# Living in Abu Dhabi. Should I expect a higher salary?



## countingsheep (Aug 29, 2013)

I've been living for a while in Abu Dhabi, with a salary around 11 200 AED. I travel a lot, so I save a lot, and I sometimes get lots of overtime.

I've been renting for 60 000 AED (yearly), transportation for 750 AED, and food for 1500 AED.

Assuming that my monthly income is 11 200 AED, is saving 3700 AED considered okay for a fresh graduate engineer in a reputable company (from a reputable university)?

One of the best offers out there in my field are 13 500 AED.

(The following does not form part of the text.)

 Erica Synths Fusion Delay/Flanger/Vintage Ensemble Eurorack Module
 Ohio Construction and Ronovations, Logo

I worry sometimes it's a low salary. Anyway, I think I'm gonna start looking for a 13k/month multinational company soon.

And, is it common for people in the UAE to make less (at the beginning) than what they would have made back in their own countries?

Thanks


----------



## busybee2 (Aug 8, 2013)

usually it may well be similar salaries but of course you can have the perks here of no tax etc so you end up with more.


----------



## AlexDhabi (Aug 23, 2012)

It is rare for fresh graduates in western countries to be able to save any money, so I think you are doing well. Good luck if you can find a secure job that offers you an increase.


----------



## earthworm88 (Jun 14, 2013)

As a fresh graduate, I think you have done quite well for yourself. You definitely have a good head on your shoulders to save a nice sum monthly. 

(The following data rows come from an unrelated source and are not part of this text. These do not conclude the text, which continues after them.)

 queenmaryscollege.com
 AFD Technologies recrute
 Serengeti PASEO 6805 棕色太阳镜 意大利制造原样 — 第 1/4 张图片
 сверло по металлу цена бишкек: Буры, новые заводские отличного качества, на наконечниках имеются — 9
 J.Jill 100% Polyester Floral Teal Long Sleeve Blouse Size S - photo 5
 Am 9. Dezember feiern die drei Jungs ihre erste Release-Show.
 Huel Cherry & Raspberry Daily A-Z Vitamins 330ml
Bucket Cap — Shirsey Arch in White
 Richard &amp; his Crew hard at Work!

However, the most important question is are you happy with your current employment? What's another 2-3k if you are going to be miserable in your new environment? I am not saying you shouldn't strive for better, but as a fresh grad, you have a long road ahead of you and plenty of opportunities to make more. Now is the time to gain more experience and network, and many more doors will open automatically, so enjoy if you like what you are doing now. For the time being, don't hop from job to job just to chase that $ sign (unless you are being head hunted). I personally would not hire anyone with long resumes filled with "yearly" employments.


----------